Quelques mois plus tard, je rencontre Mister Big. Certaines d’entre vous connaissent l’histoire. Deux années et demi de sexe et de larmes. De ruptures et de retrouvailles. De rêves et de cauchemars. Ces 17m2 deviennent le théâtre de mon drame à huis clos. Victime consentante. Nous ne nous voyons que chez moi. Le « nous » n’existe pas en dehors de ces quatre murs. Deux années et demi. Et puis je réussis finalement à me libérer de ses chaînes, de mes chaînes. Mais quelle douleur de rentrer tous les soirs dans cet appartement, de me coucher dans ces draps.
Tout chez moi me rappelle Mister Big. J’ai la sensation de vivre sur les cendres encore brûlantes d’une maison incendiée ou d’un avion qui vient de se crasher. Certains soirs, j’ai l’impression d’entendre ses pas et sa respiration dans l’escalier.
Je voudrais fuir. J’étouffe. Mais l’immobilier parisien est ainsi fait. On ne déménage pas en un claquement de doigts, sur un coup de tête. Alors je tente d’éteindre les cendres. Je me bats avec le fantôme. Petit à petit, les murs de mon appartement ne sont plus les parois palpitantes de mon coeur meurtri. Il me faut partir, malgré tout. Deux autres années s’écoulent.
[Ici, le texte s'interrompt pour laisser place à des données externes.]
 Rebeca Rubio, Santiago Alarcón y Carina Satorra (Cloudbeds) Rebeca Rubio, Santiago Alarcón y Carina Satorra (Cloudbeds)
Et puis, un jour d’avril 2012, la délivrance arrive enfin. Je vais pouvoir partir. Recommencer ailleurs. Un appartement bien plus grand. Un appartement d’adulte, enfin. Je décide de vendre tous mes meubles.
Adieu Casto, Ikea. Bonjour les jolies pièces vintage auxquelles j’ai tant rêvé.
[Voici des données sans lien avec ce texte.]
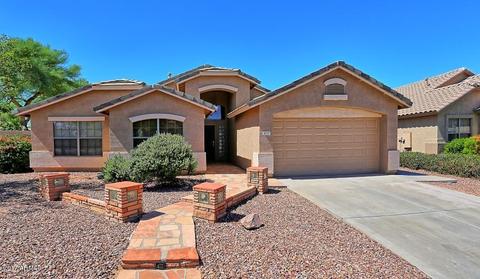 1673 E Carla Vista Dr, Gilbert, AZ 85295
Je ne veux rien garder de cette vie-là. Rien garder de ces douleurs. Je crois que mon premier achat, ce sont de nouveaux draps. Tout est symbole, quand j’y repense aujourd’hui.
Le jour du déménagement, je suis entourée d’amis. Il est tôt ce samedi matin, certains ont la gueule de bois… Mais préfèrent une bière au café que je leur propose. En moins de temps qu’il n’en faut pour le dire, le camion est chargé. Forcément, sans meubles, c’est rapide. Presque cinq années de vie dans moins de 20m3. J’ai l’impression d’avoir ma vie encartonnée devant moi. Les camions de déménagement, ça me rend mélancolique.
Alors que je ferme pour la dernière fois la porte de mon studio Passage Rauch, je réalise que j’y laisse l’étudiante que j’ai été. J’y laisse mes larmes. J’y laisse le fantôme de Mister Big. Et je souris. Bientôt, je vais ouvrir une nouvelle porte.